Hey Blog Readers, I trust all is well with you. I have just wrapped up a month in Ecuador. Good times indeed. As usual, I have added a photo album to the rest of my pictures from around the planet. Enjoy. Here are a few yet-unmentioned random thoughts from Ecuador:
– Near Quito lies a tourist attraction called La Mitad del Mundo (“The Middle of the World”). Good story here. This place is a huge, touristy, complex which claims to be at the equator. They built a huge monument, drew a big yellow line in the ground, constructed museums, restaurants, shops, a planetarium, the whole nine yards. They spared no expense.
But, in 1996, some guys came around with GPS and found that the actual equator was about 200 metres outside the complex! Whoops! So, there is another little museum outside this mammoth complex which claims to have the real equator line.
– I had a funny linguistic situation my first bus ride in Ecuador. I was with a French guy and an American girl who both speak Spanish, French, and English. We started chatting in Spanish, which I speak poorly. To increase my conversational potential, I tried to switch the conversation to French, but found I couldn’t make the French come out of my mouth because I had Spanish on the brain. (If you recall, when I was learning Spanish, I couldn’t speak it because French kept coming out… now I want to speak French and the Spanish is causing me problems… I can´t win.) Frustrated, I just let it go, stopped trying to control which language I used, and let the words come out in whatever language they chose. I ended up saying sentences with English, French, and Spanish words in them, which seems ridiculous, but everybody understood just fine, and nobody minded. Awesome. My friend Andrea calls this combination of French, Spanish, and English “Frenspanglish”. I speak fluent Frenspanglish :)
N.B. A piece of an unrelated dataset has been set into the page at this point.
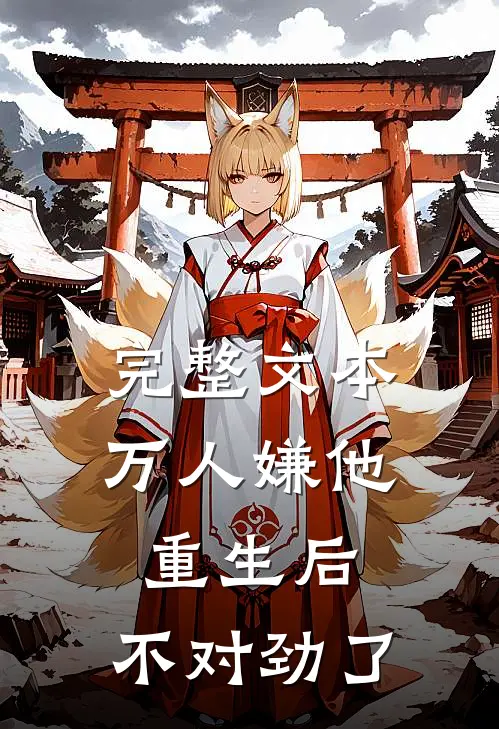 完整文本万人嫌他重生后，不对劲了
– Some people get bowel problems when they travel and eat the local food. I am now at a point where I get intestinal difficulties if I DON´T eat local food. In the locals´restaurants in Ecuador they serve set meals, typically comprising of a soup, rice, a meat, and a drink, for $1.50. The soup, drink, and meat can be anything, you don´t get to choose, you just eat what they bring you. (I think they serve whatever they are trying to get rid off.) Anyway, since these meals are good, cheap, and where the locals eat. They are what I have been surviving on for the last month. My body is tuned into this local food. Well, the other day I went to a tourist restaurant and ate some fancy, rich, Western food, like we have back home. The food was fantastic, but my body couldn’t handle it. I spent the night on the toilet — I´m going back to the South American food.
– A quick story for my mountain biking friends back in Whistler: I spent an epic day biking down the side of Mount Cotopaxi. We biked from 4500m down to 3200m. A huge descent. No single track here, but the 1300m of descent and beautiful landscape kept things fun.
Anyway, I have high-stepped it down to Cuzco, Peru. I skipped over Northern Peru, which was a bit tragic, but I have been up there before. (If you are really bored, peruse this blog which describes my short trip to Peru in 2006 where I trekked the Cordillera Blancas, partied, danced on tables, and became a Peruvian ski legend… maybe a small exaggeration). I am happy to be Cuzco, lots of cool stuff here. I’ll tell you all about it.